-- Data for review follows --

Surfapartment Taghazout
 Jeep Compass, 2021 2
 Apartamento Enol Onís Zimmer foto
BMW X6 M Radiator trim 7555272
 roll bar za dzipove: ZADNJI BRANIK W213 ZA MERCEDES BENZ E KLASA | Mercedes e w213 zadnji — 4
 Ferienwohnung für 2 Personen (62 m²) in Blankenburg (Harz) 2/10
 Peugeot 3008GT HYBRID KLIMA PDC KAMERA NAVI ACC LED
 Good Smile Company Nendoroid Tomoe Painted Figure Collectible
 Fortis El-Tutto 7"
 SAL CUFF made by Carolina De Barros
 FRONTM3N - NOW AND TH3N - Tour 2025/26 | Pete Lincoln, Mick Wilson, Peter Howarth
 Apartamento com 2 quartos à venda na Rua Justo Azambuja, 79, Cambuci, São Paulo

-- Data for review concluded --

§ Work task
For each entry above, write out an exact copy.

§ Task response
Surfapartment Taghazout
 Jeep Compass, 2021 2
 Apartamento Enol Onís Zimmer foto
BMW X6 M Radiator trim 7555272
 roll bar za dzipove: ZADNJI BRANIK W213 ZA MERCEDES BENZ E KLASA | Mercedes e w213 zadnji — 4
 Ferienwohnung für 2 Personen (62 m²) in Blankenburg (Harz) 2/10
 Peugeot 3008GT HYBRID KLIMA PDC KAMERA NAVI ACC LED
 Good Smile Company Nendoroid Tomoe Painted Figure Collectible
 Fortis El-Tutto 7"
 SAL CUFF made by Carolina De Barros
 FRONTM3N - NOW AND TH3N - Tour 2025/26 | Pete Lincoln, Mick Wilson, Peter Howarth
 Apartamento com 2 quartos à venda na Rua Justo Azambuja, 79, Cambuci, São Paulo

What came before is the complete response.